You can most certainly go birding anywhere, but if you can find a bird
hide (or bird blind depending on the English you speak), it might be a
very appropriate observation point. Now that we know where the MPI is,
we can look for bird hide(s) in the vicinity. For that, we shall use
rOpenSci’s osmdata
package by
Mark Padgham and collaborators! Note that incidentally, Mark did his
PhD in
ecology.
This package is an interface to OpenStreetMap’s Overpass
API. OpenStreetMap is
a collective map of the world. It contains information about towns’
limits, roads, placenames… but also tags of everything, from bars as
seen in this blog post to
trees. You can
browse existing features via OpenStreetMap’s
wiki. Some parts of the
world are better mapped than others depending on the local OpenStreetMap
community.

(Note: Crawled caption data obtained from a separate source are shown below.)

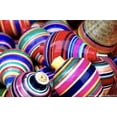 thumbnail image 4 of Multi-Color Wood Trompo Mexican Traditional, 4 of 5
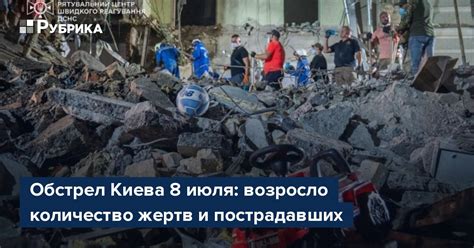 Шокирующая статистика: количество жертв и пострадавших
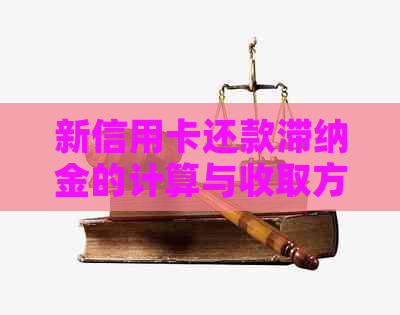 新信用卡还款滞纳金的计算与收取方式探讨，如何避免逾期困扰？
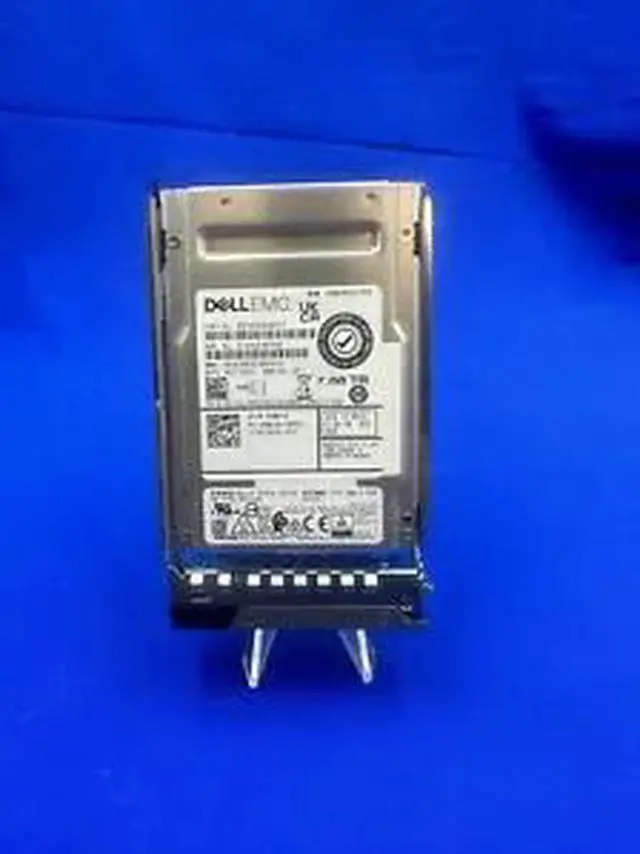 Main image of 5MHY8 DELL 7.68TB SAS 12Gbps Read Intensive SED 512e 2.5" SSD 05MHY8 KRM6VRUG7T6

Actually, OpenCage’s blog features an interesting series of
country profiles.
To look for a bird hide, we first create a bounding box of 10km around
the MPI, using rOpenSci’s bbox
package.
bbox <- bbox::lonlat2bbox(mpi$geometry.lng,
mpi$geometry.lat,
dist = 10, method = "lawn")
We then use the key and value associated with bird hides in OpenStreetMap: respectively leisure and bird_hide.
library("osmdata")
## Data (c) OpenStreetMap contributors, ODbL 1.0. http://www.openstreetmap.org/copyright
library("magrittr")
(results <- opq(bbox = bbox) %>%
add_osm_feature(key = 'leisure', value = 'bird_hide') %>%
osmdata_sf ())
## Object of class 'osmdata' with:
## $bbox : 47.6865,8.8753,47.8494,9.1177
## $overpass_call : The call submitted to the overpass API
## $timestamp : [ Thu 5 Jul 2018 08:06:35 ]
## $osm_points : 'sf' Simple Features Collection with 1 points
## $osm_lines : 'sf' Simple Features Collection with 0 linestrings
## $osm_polygons : 'sf' Simple Features Collection with 0 polygons
## $osm_multilines : 'sf' Simple Features Collection with 0 multilinestrings
## $osm_multipolygons : 'sf' Simple Features Collection with 0 multipolygons
results$osm_points
## leisure geometry
## 5004940425 bird_hide 8.920901, 47.741569
Yay, we now know where to find a bird hide not too far from the MPI!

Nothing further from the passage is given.